* _What is required_
Copy out the data word for word, without any of its pictures.
○ ○ ○ ○ ○
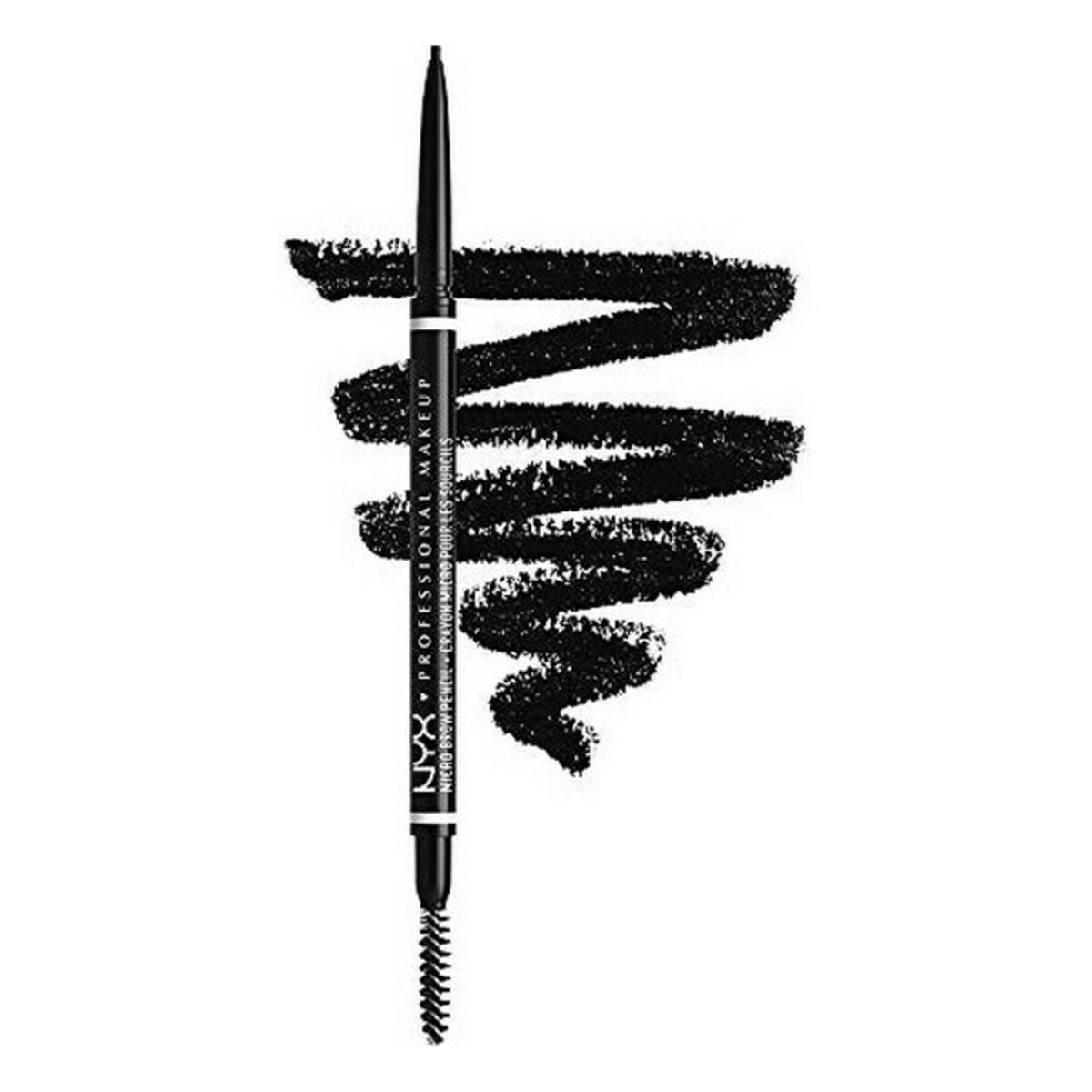 Eyebrow Make-up NYX 0,5 g-16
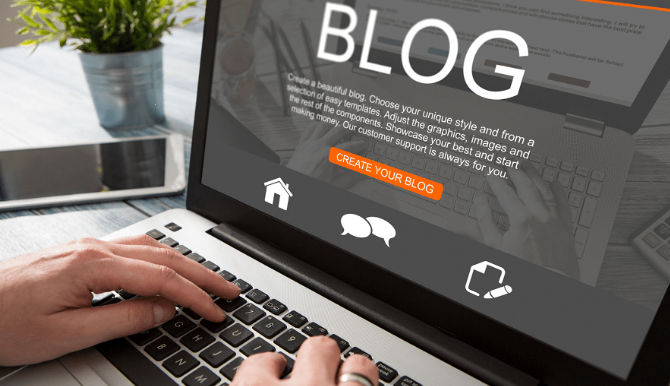 블로그 상위노출 비밀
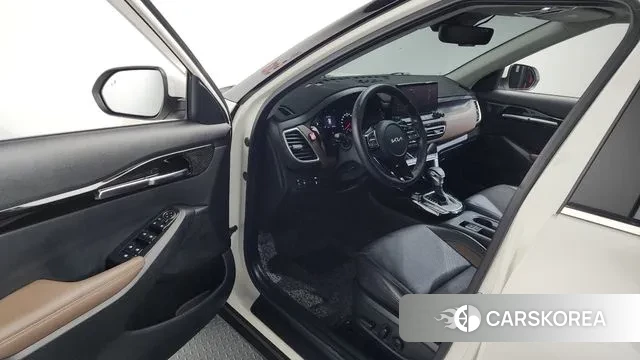 Kia Seltos id 3777739 из Кореи 19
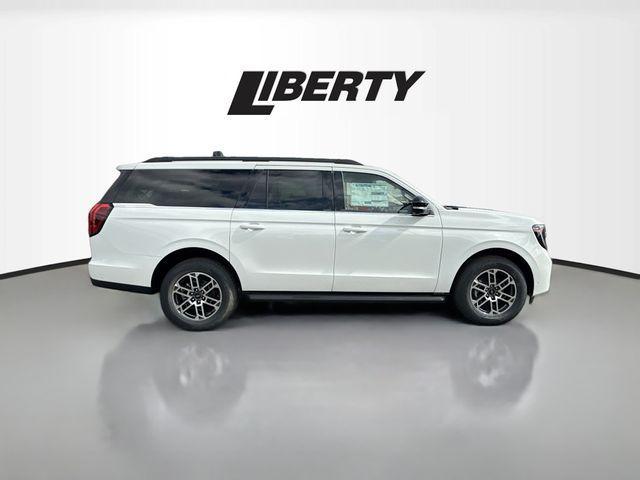 new 2025 Ford Expedition Max car, priced at $75,688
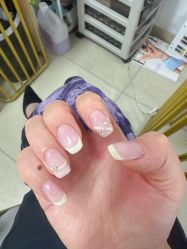 -尤米一站式美甲美睫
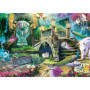 Puzzle Jardin Secret 1000 Pièces - Schmidt Spiele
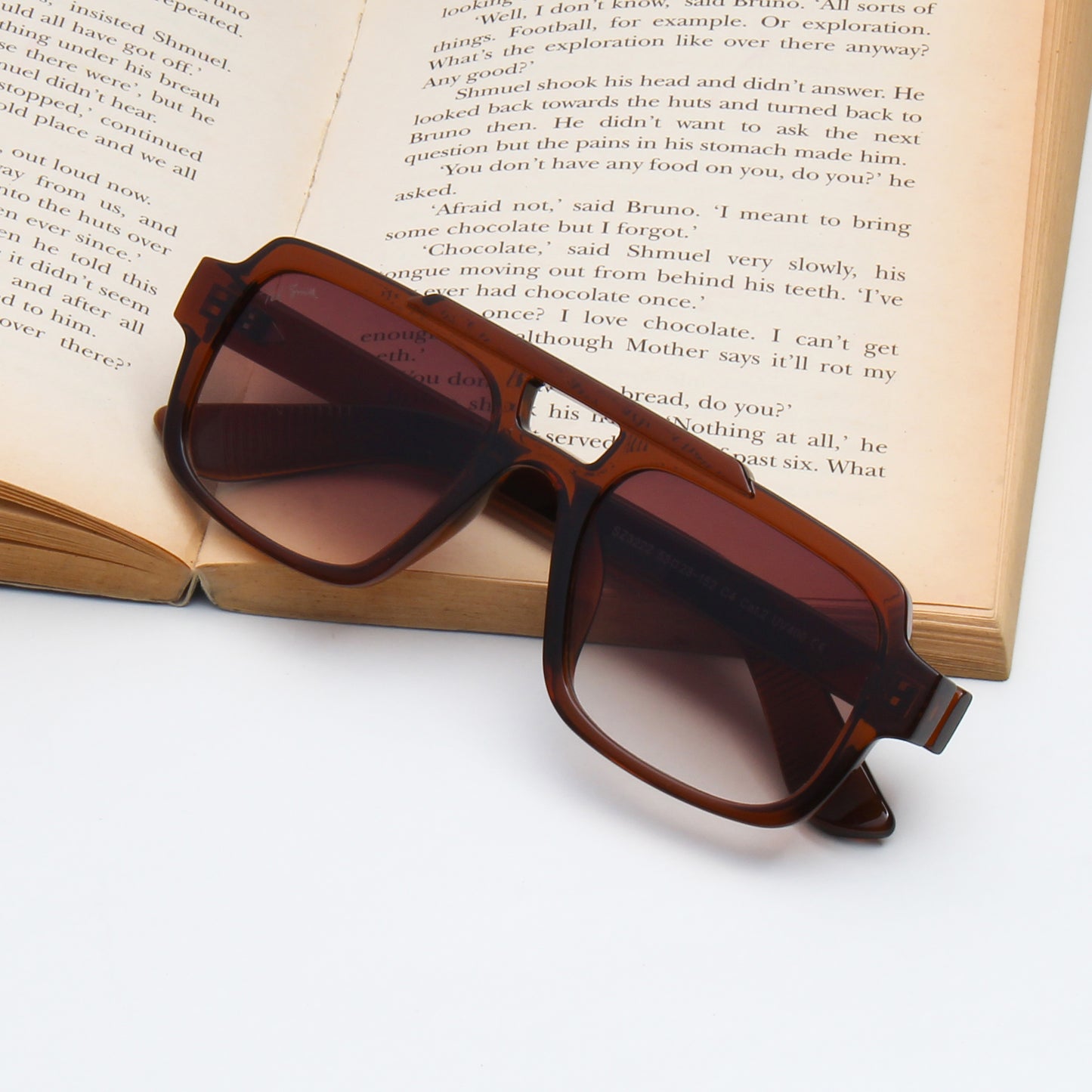 MONTANA | AVIATOR FULL RIM SUNGLASSES (IN 5 COLOURS)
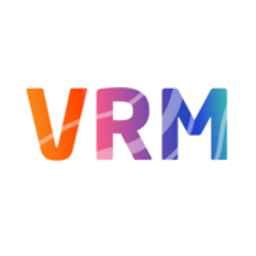 Vrm Mediasales Logo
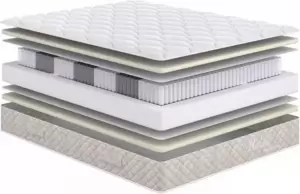 Матрас Сонум Relax Soft 140x200 фото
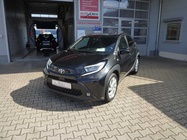 Toyota Aygo 2025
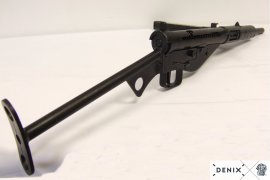 Replika STEN Mark II, Nagy-Britannia 1940 4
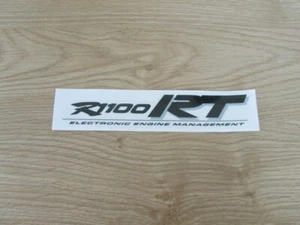 Sticker R1100RT - Picture 1 of 1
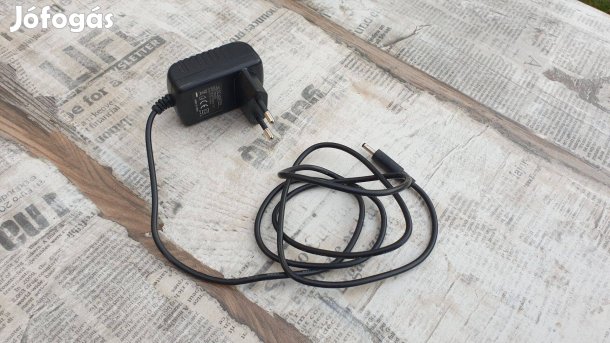 4,2V - 500mA adapter, tápegység eladó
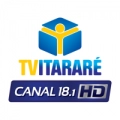 TV Itararé (Cultura PB)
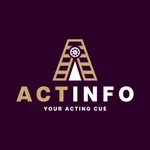Actinfo: Auditions & Courses icon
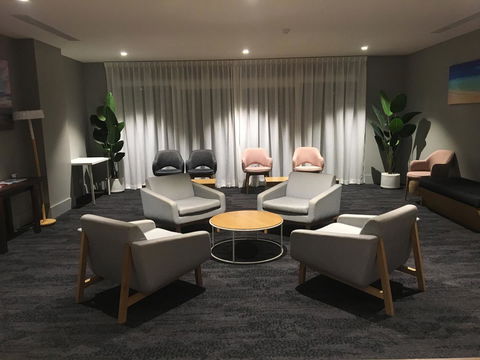 Woodroffe Hotel - Accommodation Georgetown 4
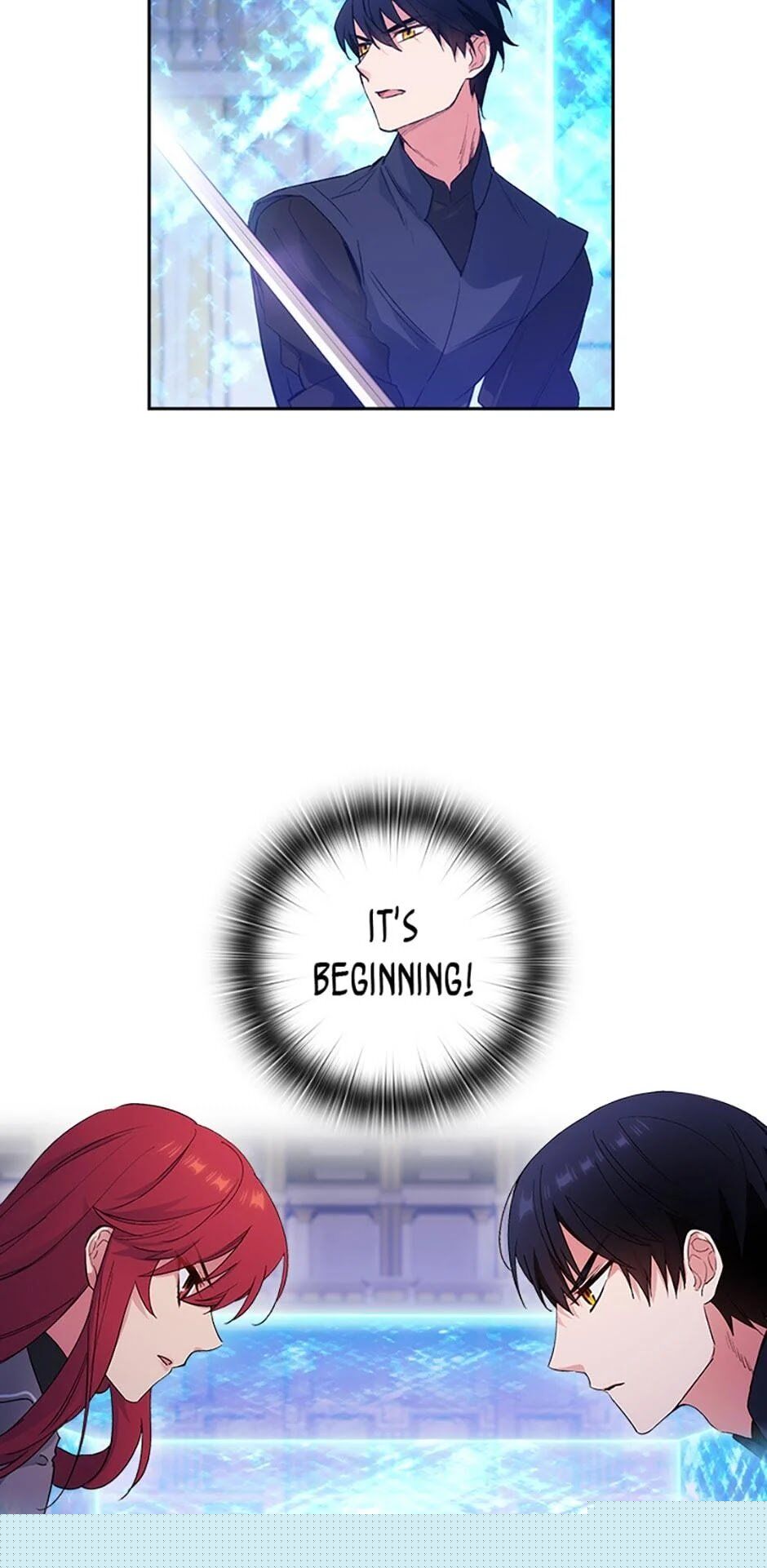 Reminiscence Adonis Chapter 122 - HolyManga.Net
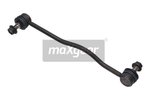 Link/Coupling Rod, stabiliser bar MAXGEAR 721636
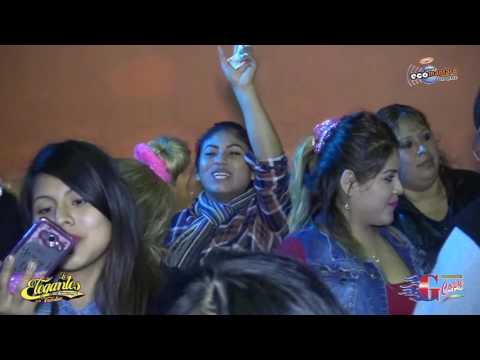 MUÑEQUITA INFIEL - ELEGANTES DE LA CUMBIA...FELIZ CUMPLEAÑOS "GCOPY PRODUCCIONES" SAB. 17-06-2017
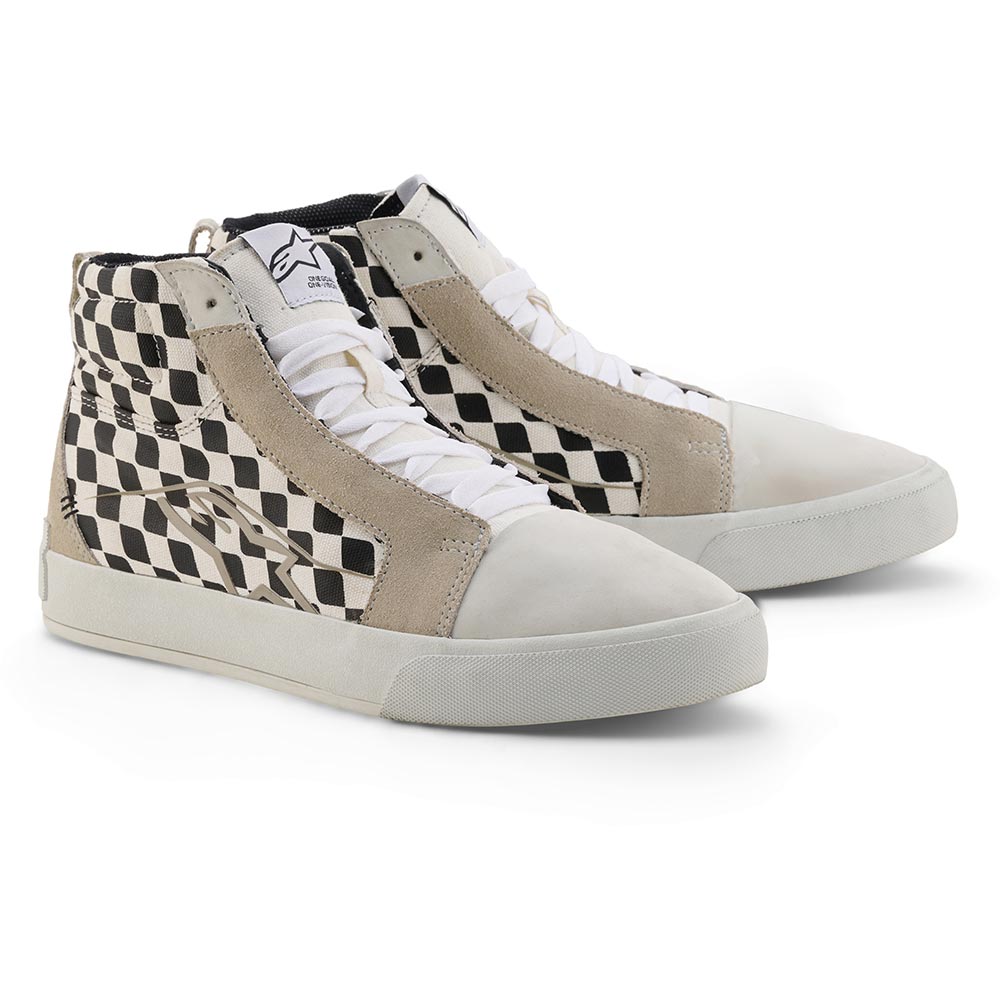 Baskets Ride-63 Canvas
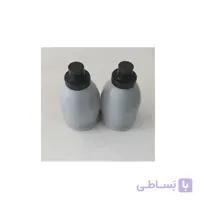 تونر رنگی مشکی PRAX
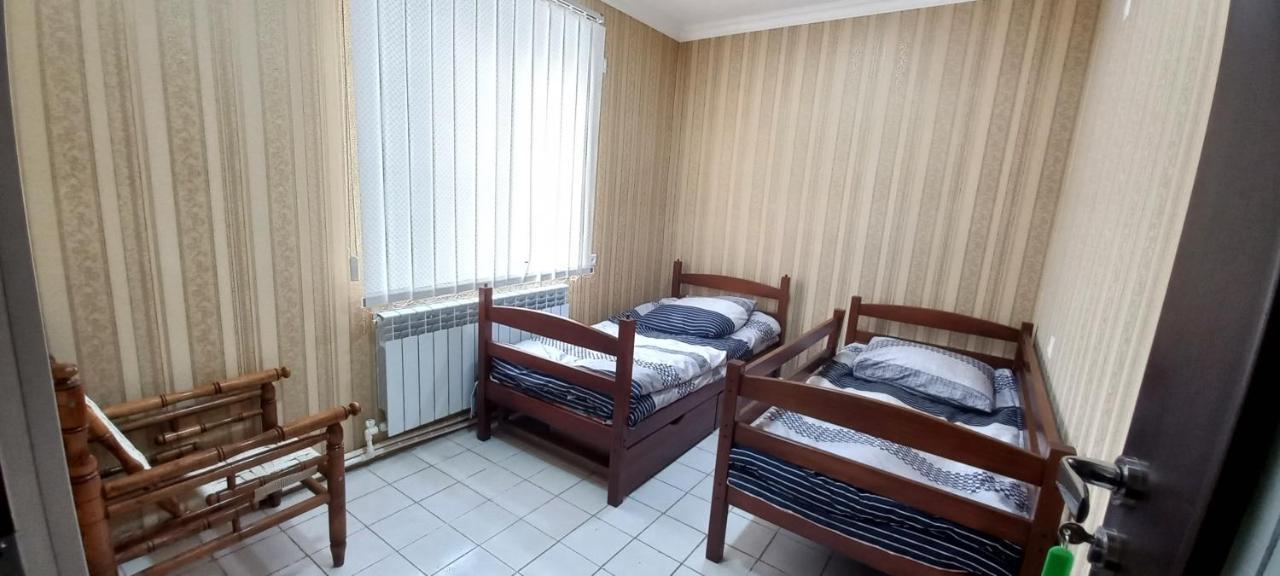 Dream House&Hostel Sevan Buitenkant foto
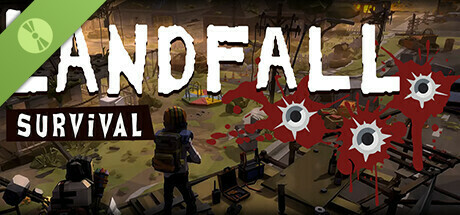 Landfall Survival Demo cover art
○ ○ ○ ○ ○
* _Written answer_
 Eyebrow Make-up NYX 0,5 g-16
 블로그 상위노출 비밀
 Kia Seltos id 3777739 из Кореи 19
 new 2025 Ford Expedition Max car, priced at $75,688
 -尤米一站式美甲美睫
 Puzzle Jardin Secret 1000 Pièces - Schmidt Spiele
 MONTANA | AVIATOR FULL RIM SUNGLASSES (IN 5 COLOURS)
 Vrm Mediasales Logo
 Матрас Сонум Relax Soft 140x200 фото
 Toyota Aygo 2025
 Replika STEN Mark II, Nagy-Britannia 1940 4
 Sticker R1100RT - Picture 1 of 1
 4,2V - 500mA adapter, tápegység eladó
 TV Itararé (Cultura PB)
Actinfo: Auditions & Courses icon
 Woodroffe Hotel - Accommodation Georgetown 4
 Reminiscence Adonis Chapter 122 - HolyManga.Net
 Link/Coupling Rod, stabiliser bar MAXGEAR 721636
 MUÑEQUITA INFIEL - ELEGANTES DE LA CUMBIA...FELIZ CUMPLEAÑOS "GCOPY PRODUCCIONES" SAB. 17-06-2017
 Baskets Ride-63 Canvas
 تونر رنگی مشکی PRAX
 Dream House&Hostel Sevan Buitenkant foto
 Landfall Survival Demo cover art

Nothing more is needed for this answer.